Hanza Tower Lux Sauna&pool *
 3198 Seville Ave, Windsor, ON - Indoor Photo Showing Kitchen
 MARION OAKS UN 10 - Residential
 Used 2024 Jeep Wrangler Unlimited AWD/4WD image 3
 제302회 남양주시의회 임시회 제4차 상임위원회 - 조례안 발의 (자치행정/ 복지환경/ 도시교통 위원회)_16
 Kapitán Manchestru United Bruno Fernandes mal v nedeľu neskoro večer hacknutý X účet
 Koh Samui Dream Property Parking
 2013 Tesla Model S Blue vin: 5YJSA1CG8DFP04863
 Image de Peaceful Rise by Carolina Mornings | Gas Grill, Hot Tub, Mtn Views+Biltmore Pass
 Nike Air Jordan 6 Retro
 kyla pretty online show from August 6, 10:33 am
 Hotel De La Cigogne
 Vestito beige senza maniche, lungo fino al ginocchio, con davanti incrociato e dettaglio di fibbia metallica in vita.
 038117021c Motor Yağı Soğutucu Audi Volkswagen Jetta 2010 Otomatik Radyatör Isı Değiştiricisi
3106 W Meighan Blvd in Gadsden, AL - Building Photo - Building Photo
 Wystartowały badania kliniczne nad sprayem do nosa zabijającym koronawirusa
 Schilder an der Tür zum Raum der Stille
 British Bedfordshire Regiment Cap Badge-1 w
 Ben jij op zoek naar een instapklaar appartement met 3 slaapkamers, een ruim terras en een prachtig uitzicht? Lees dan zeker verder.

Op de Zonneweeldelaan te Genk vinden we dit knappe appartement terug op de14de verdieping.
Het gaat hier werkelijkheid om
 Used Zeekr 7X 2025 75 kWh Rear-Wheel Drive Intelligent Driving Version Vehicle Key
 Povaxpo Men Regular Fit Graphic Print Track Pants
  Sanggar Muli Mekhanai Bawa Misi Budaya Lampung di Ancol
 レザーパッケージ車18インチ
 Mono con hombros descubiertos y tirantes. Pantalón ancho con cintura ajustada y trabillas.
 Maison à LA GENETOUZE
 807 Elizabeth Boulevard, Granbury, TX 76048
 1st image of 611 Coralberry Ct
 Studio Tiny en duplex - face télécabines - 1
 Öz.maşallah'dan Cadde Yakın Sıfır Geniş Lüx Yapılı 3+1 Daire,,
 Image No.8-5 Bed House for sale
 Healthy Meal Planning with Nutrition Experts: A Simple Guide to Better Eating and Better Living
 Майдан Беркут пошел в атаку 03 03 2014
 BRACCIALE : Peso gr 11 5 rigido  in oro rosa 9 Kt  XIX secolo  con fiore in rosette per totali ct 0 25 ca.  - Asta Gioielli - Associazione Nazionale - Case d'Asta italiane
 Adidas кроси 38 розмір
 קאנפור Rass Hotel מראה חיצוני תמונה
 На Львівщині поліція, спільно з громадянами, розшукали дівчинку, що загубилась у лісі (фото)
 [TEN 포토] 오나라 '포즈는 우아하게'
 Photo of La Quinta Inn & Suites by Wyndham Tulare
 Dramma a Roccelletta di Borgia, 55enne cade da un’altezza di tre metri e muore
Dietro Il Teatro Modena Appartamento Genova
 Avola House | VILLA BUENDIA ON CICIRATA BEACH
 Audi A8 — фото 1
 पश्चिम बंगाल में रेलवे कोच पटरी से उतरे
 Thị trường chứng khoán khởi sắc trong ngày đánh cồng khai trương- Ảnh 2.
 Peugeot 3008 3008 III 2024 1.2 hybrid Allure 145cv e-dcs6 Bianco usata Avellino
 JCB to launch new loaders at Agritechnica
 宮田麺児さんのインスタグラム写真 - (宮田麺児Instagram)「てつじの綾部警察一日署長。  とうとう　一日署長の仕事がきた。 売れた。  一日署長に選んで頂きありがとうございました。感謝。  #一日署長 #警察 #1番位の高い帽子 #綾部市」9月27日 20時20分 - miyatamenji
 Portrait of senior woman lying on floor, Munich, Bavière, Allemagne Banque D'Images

------------------------------------------------------------

**Required work**
The lines to return run from the one containing "Peugeot 3008 3008" through the last line of the material above. Please reproduce them exactly.

**Result of this exercise**
 Peugeot 3008 3008 III 2024 1.2 hybrid Allure 145cv e-dcs6 Bianco usata Avellino
 JCB to launch new loaders at Agritechnica
 宮田麺児さんのインスタグラム写真 - (宮田麺児Instagram)「てつじの綾部警察一日署長。  とうとう　一日署長の仕事がきた。 売れた。  一日署長に選んで頂きありがとうございました。感謝。  #一日署長 #警察 #1番位の高い帽子 #綾部市」9月27日 20時20分 - miyatamenji
 Portrait of senior woman lying on floor, Munich, Bavière, Allemagne Banque D'Images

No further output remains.